Segundo o político mineiro, o principal objetivo da oposição é impedir a continuidade do PT no comando do Palácio do Planalto. Ele declarou que, caso não seja o escolhido para representar o grupo conservador, apoiará outros possíveis candidatos, incluindo Flávio Bolsonaro e Ronaldo Caiado.
Críticas internas aumentam tensão no partido
A publicação do vídeo ocorreu após integrantes da direção do Novo demonstrarem preocupação com o desgaste político envolvendo Zema. O ex-governador passou a ser criticado por setores conservadores da legenda depois da repercussão de áudios atribuídos a Flávio Bolsonaro em conversas com o empresário Daniel Vorcaro, ex-controlador do Banco Master.
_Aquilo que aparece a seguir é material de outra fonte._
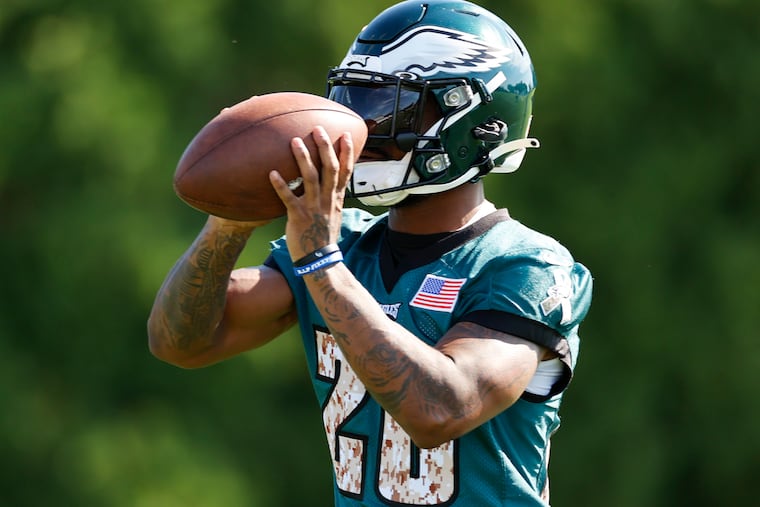 Eagles running back Miles Sanders catches the football during training camp Saturday at the NovaCare Complex.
Nas mensagens, o senador buscava apoio financeiro para a produção do filme “Dark Horse”, projeto cinematográfico que contará a trajetória política do ex-presidente Jair Bolsonaro. A postura crítica adotada por Zema diante do episódio desagradou aliados mais próximos do bolsonarismo e aumentou o isolamento do mineiro dentro do próprio partido.
Integrantes da ala conservadora avaliam que os posicionamentos recentes de Zema podem comprometer acordos políticos estratégicos entre o Novo e o PL, além de dificultar alianças com lideranças ligadas ao eleitorado conservador.
Futuro político de Zema passa a ser debatido
Nos bastidores, dirigentes do Novo passaram a discutir alternativas para o futuro político do ex-governador. Até recentemente, Zema era visto como um dos principais nomes para compor uma eventual chapa presidencial ao lado de Flávio Bolsonaro como candidato a vice-presidente.
Entretanto, membros influentes da legenda estudam a possibilidade de retirar sua pré-candidatura ao Palácio do Planalto. Uma consulta informal realizada entre integrantes do partido teria mostrado resistência significativa à manutenção do projeto presidencial.
Entre as possibilidades analisadas internamente estão uma candidatura ao Senado Federal ou uma disputa por vaga na Câmara dos Deputados.
Partido analisa impactos jurídicos de eventual recuo
Apesar das discussões políticas, dirigentes do Novo também demonstram preocupação com possíveis consequências jurídicas relacionadas à pré-campanha presidencial já iniciada por Zema. O partido avalia os gastos realizados até o momento e estuda se uma mudança de rota eleitoral poderia gerar questionamentos sobre os limites de despesas definidos pela Justiça Eleitoral.
Nos bastidores, parte da cúpula partidária considera que a continuidade das críticas de Zema a Flávio Bolsonaro pode tornar inviável sua permanência como pré-candidato à Presidência da República.